Presso la Chiesa di San Pietro, prima chiesa Parrocchiale già citata nel “Libro delle decime” della diocesi di Ivrea nel 1368-70, si è tenuta la novena in preparazione alla festa, poi la Messa del sabato sera con la processione, la Messa della domenica e, concludendo il lunedì con la Messa in suffragio dei priori e benefattori defunti e, come da tradizione, per i pescatori.
Commentando, durante l’omelia, le letture che invitano a riflettere sulla vita e sulla vera ricchezza, contrapponendo la vanità delle cose terrene alla ricerca di beni celesti, il Parroco don Stefano Teisa ha sottolineato che tutti gli idoli che ci creiamo e adoriamo sono un’illusione, sono vuoti, vanità.
Ci esorta poi a chiederci: ”Di tutto quello che ritieni importante nella vita, chiediti cosa ti può salvare, chi ti può salvare; lascia alle spalle l’uomo vecchio (San Paolo) e punta alle cose di lassù”.
E perché non disponiamo di tempo infinito in questa vita, non siamo eterni quaggiù, non dimentichiamoci che siamo di passaggio ed appoggiamoci solo a Lui.
Il Parroco poi ci ha esortati a chiedere alla Madonna delle Grazie che non si muoia senza meriti e senza umiltà per poter partecipare all’eredità spirituale della Chiesa e dei Santi.
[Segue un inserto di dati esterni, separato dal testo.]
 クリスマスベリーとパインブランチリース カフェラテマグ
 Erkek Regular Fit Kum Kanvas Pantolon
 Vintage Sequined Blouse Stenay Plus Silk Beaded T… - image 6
Sempre alla Vergine, durante l’omelia della Messa del lunedì 4 agosto in cui si celebra la memoria liturgica di San Giovanni Maria Vianney, Curato d’Ars, patrono dei sacerdoti, Don Stefano ha chiesto la grazia di aiutare tutti i sacerdoti nel loro difficile e impegnativo compito, anzi missione, di portare Dio agli uomini, ma anche di sostenerli nelle loro fragilità, debolezze e vulnerabilità.
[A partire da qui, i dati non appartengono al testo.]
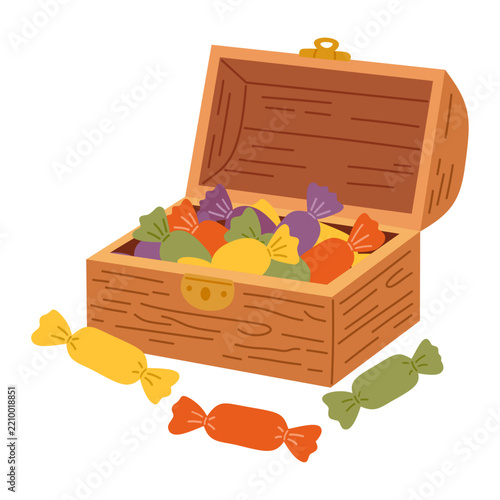 Halloween Candy Box Hand Drawn Flat Illustration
La Chiesa di San Pietro, il cui campanile è stato colpito da un fulmine nell’estate del 2023, è stata egregiamente restaurata e nulla, esternamente, lascia trapelare il danno subìto e il successivo lavoro che ha riportato la torre campanaria all’originale forma.
Tuttavia le forti piogge di quell’estate, cadute quando tetti e tegole erano ancora mancanti, han fatto sì che numerose infiltrazioni di acqua piovana abbiano compromesso l’integrità di alcuni elementi decorativi alle pareti.
L’idea dei priori, in accordo con don Stefano, è quella di intervenire con un’opera di restauro: l’appello è al buon cuore dei fedeli e di tutti coloro che vorranno dare il loro contributo.
La sollecitudine e l’attaccamento dei priori per la Chiesa è visibile anche nei piccoli interventi agli arredi sacri, in uso o riscoperti in armadi “dimenticati”; e così una colomba di legno ha “rispiegato le ali”, un pannello raffigurante un calice, un pane, la vite e il grano è diventato lo sfondo del tabernacolo, una croce di legno recuperata e restaurata, posta sull’abside, ci ricorda che l’accettazione della sofferenza è parte della vita, ma è anche simbolo di speranza, amore e redenzione.